Open slrslr opened 7 years ago

slrslr commented 7 years ago

It would bring torrent to the next level if torrent client is aware of my HDD structure (file/folder names, maybe even "file hashes") and when i add torrent/s, then torrent client will search its internal database/index of my HDD contents and match my local files to thee torrent payload files preventing duplicity and greatly saving time finding data, renaming payload or HDD file to match torrent payload files structure.

Software like Everything (Windows) or FSearch (Linux) are indexing millions of files and in maybe 1 second return files that match the name entered.

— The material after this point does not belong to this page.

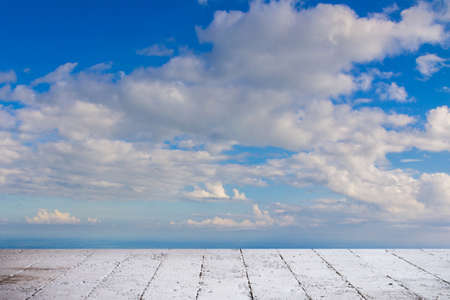 Blue sky land and white cloud の写真素材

Libtorrent issue: https://github.com/arvidn/libtorrent/issues/2838

Match torrents and data, remove torrents based on data, cleanup your disk for unseeded files. Autotorrent2 python script: https://github.com/JohnDoee/autotorrent2?tab=readme-ov-file#autotorrent2

Seeker2 commented 7 years ago

Torrents don't contain file hash values except sort-of in the case of single-file torrents, but even then the hash changes depending on the torrent's piece size. If a file is in a multi-file torrent, it probably shares end pieces with other files making a mess for hashing.

What this means is a file's hash cannot be computed in advance and compared against torrents and that eliminates the possibility of making this anywhere near instant. More details here: https://qbforums.shiki.hu/index.php/topic,4425.0.html

dwilbanks commented 7 years ago

I've thought about this quite a bit. Some torrents do include a sha1 attribute on each file, however it's very rare.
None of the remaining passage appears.